There is little more than speculation as to whether or not Posey had already gotten wind of Greenlee’s supposed co-opting of Posey, Sparrow, and Nunn’s North-South conception when Posey was quoted with his player choices for East and West teams. We do not know for sure when Greenlee, American Giants owner Robert Cole, future NNL President and Elite Giants owner Tom Wilson, Sparrow, and Nunn began the process of negotiating for a game date at Comiskey Park and developing a method of promoting the first E-W contest, but it must have begun before the end of July of 1933.

Sportswriter Rollo Wilson provided the most insight into Greenlee’s preeminent role in successfully staging the 1933 E-W game. Wilson was not only a columnist for the Pittsburgh Courier, but in 1934 he was named the NNL commissioner, a salaried position (which was not a given in Black baseball of the Depression era), in which his chief responsibility was to arbitrate legal disputes, a job for which his chief qualification was his perceived impartiality.37 Less than one month after the first E-W Game, Wilson’s regular column, “Sports Shots,” positively depicted the role of Greenlee in being “that rare type of sportsman – one who will spend his money in the game and send more good dollars after the ones which have gone beyond recall.”38 As Wilson recounted Greenlee’s seminal role in forming the second incarnation of the NNL, he wrote that Greenlee “conceived the idea of an East-West game, the players to be selected by the vote of the fans and he had to put $2,500 on the line weeks before the date of the game.

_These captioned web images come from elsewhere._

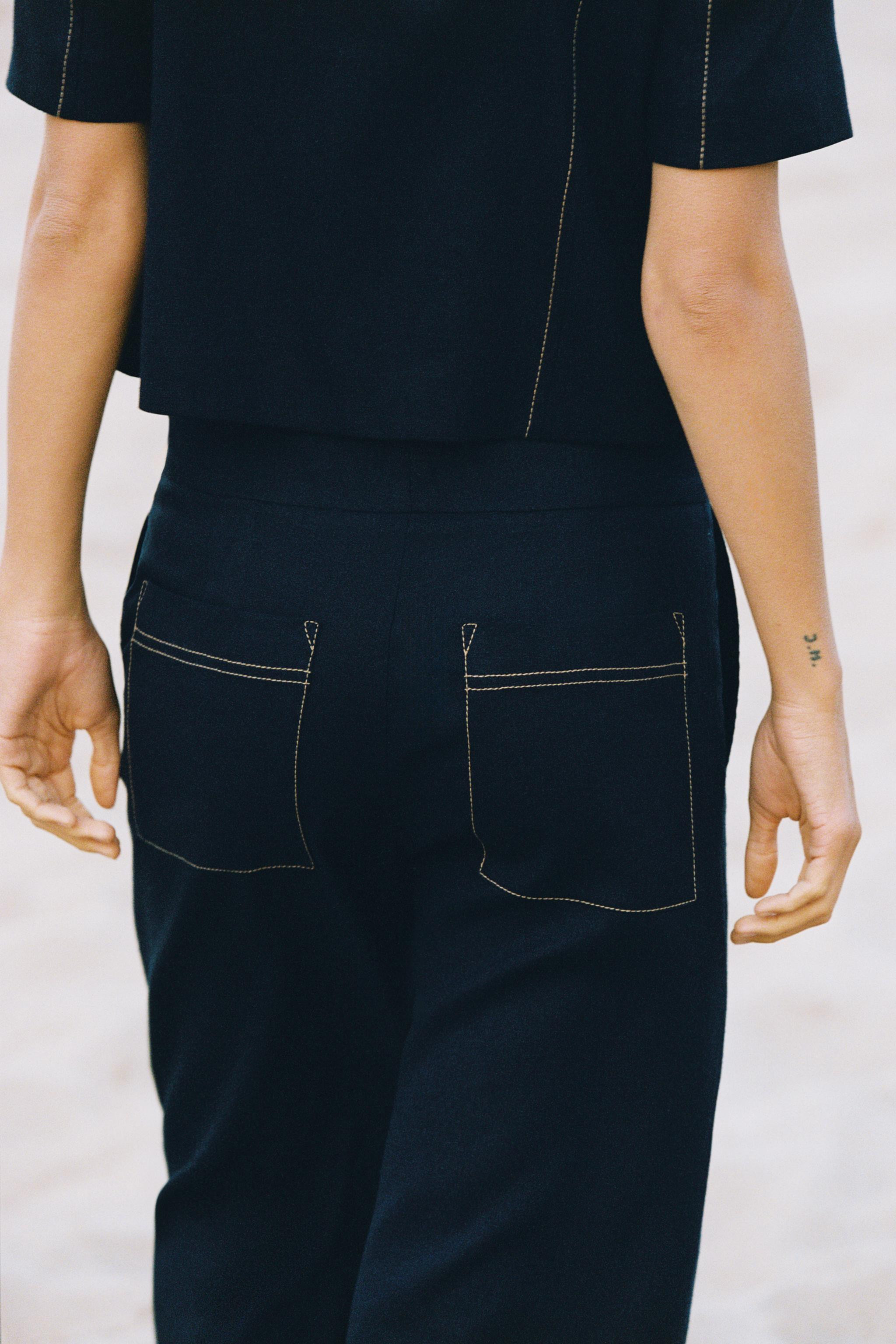 STRAIGHT-LEG TOPSTITCHING LINEN BLEND TROUSERS | Zara UK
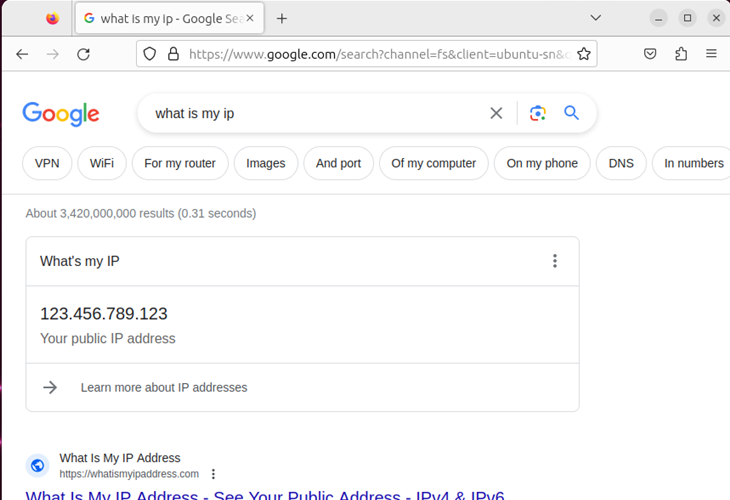 An IP address after searching &quot;What is my ip?&quot; on Google.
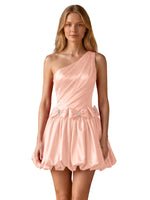 One-Shoulder Bow Mini Dress 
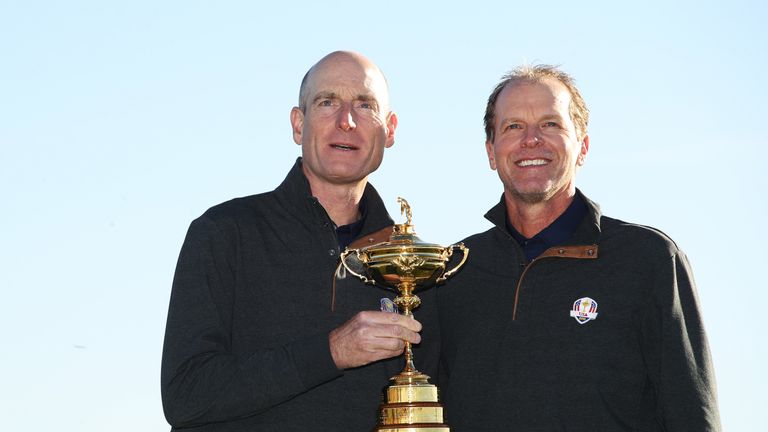 during a photocall ahead of the 2018 Ryder Cup at Le Golf National on September 26, 2018 in Paris, France.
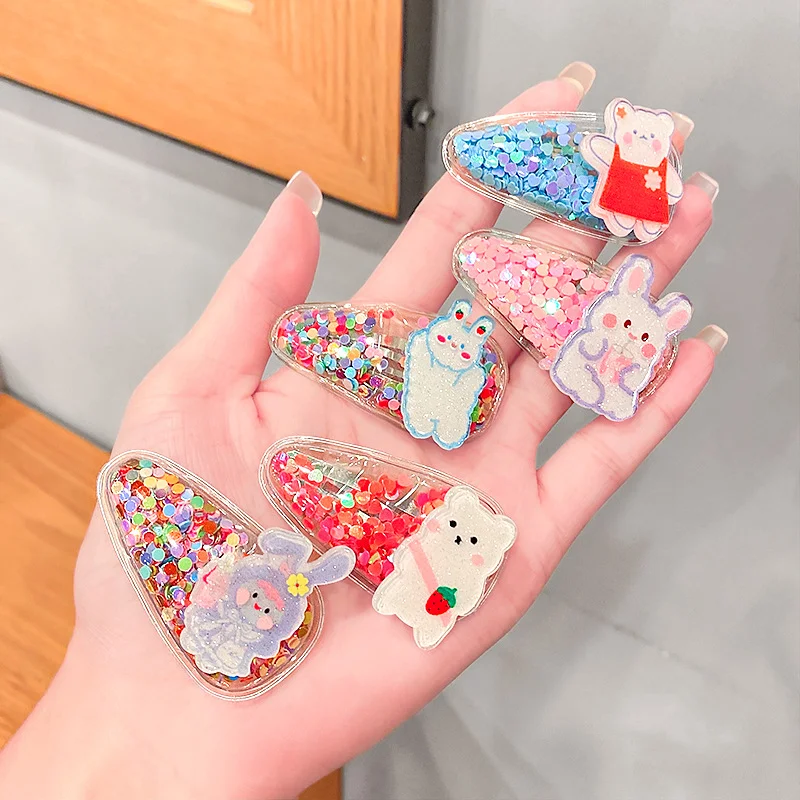 Kids cartoon animal flower bowtie shaped kids baby fashion hair accessories spring metal hair clip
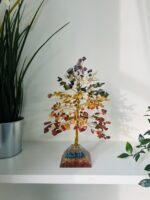 seven chakra crystal tree With Pyramid base Gold wire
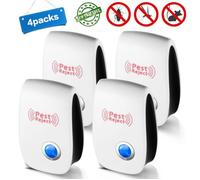 4 x Répulsif Insectes Rongeurs Prise Anti-nuisibles à Ultrasons Anti Moustiques, Rats electronique pour Maison Entrepôt Atelier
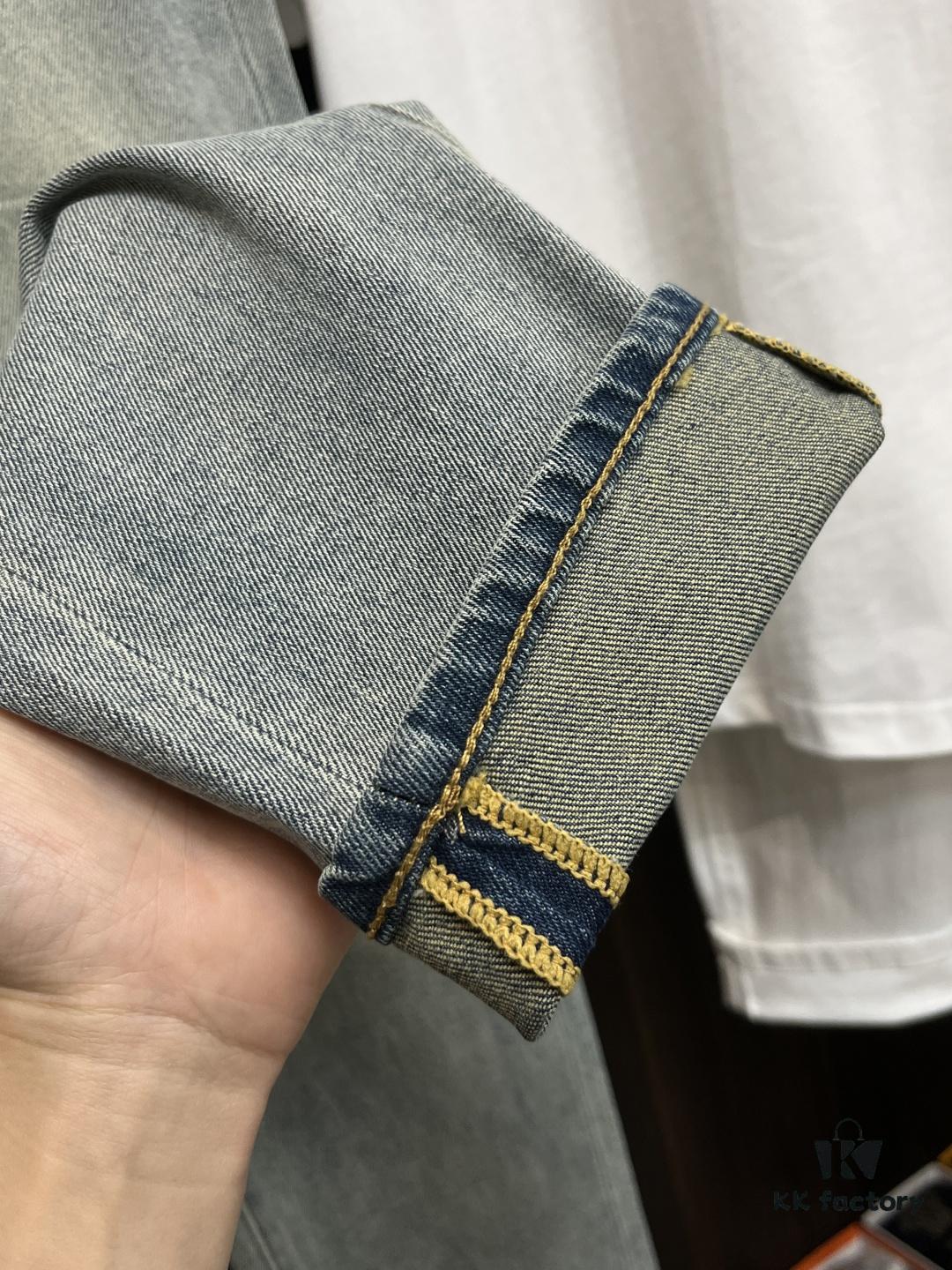 Exclusive New Arrival 🔥 Chrome Hearts Style Men's Fashion Casual Jeans, High-End European Cut Original Order Pants, Trendy and Comfortable with Excellent Breathability, Impeccable Details, Brand-Inspired Design Concept Showcasing Premium Quality, Perfect Relaxed Fit Silhouette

All that he has received for his efforts has been ill-advised criticism … even from the very men who accepted his money to pay their personal bills.”39 Eleven years later, Wilson wrote another column about Greenlee’s trailblazing role in Black baseball in which he referred to Greenlee as “the father of the East-West game and it was his money which guaranteed the owners of the White Sox park that they would get their excessive rental.”40

Whether or not Rollo Wilson was impartial when it came to Gus Greenlee, he made three important points in his columns regarding Gus’s organizing role in the inaugural E-W Game: Greenlee was really the game’s creator, he bankrolled the contest, and he was criticized heavily for the game’s execution. In 1951, as Greenlee’s life was winding down due to a lengthy illness, Wendell Smith summed up Greenlee’s contribution as follows: “He launched the first game, invested his own money, and eventually made it an affair of national significance.”41 In his seminal book Negro League Baseball, Neil Lanctot concluded that “it was reportedly Greenlee who took the greatest risk by paying $2,500 in advance for the exorbitant rental of Comiskey Park” for the first E-W contest.42 While it is not clear whether Greenlee ended up paying the entire fee out of his own pocket, Wilson did make it clear that Greenlee fronted the money to reserve the park.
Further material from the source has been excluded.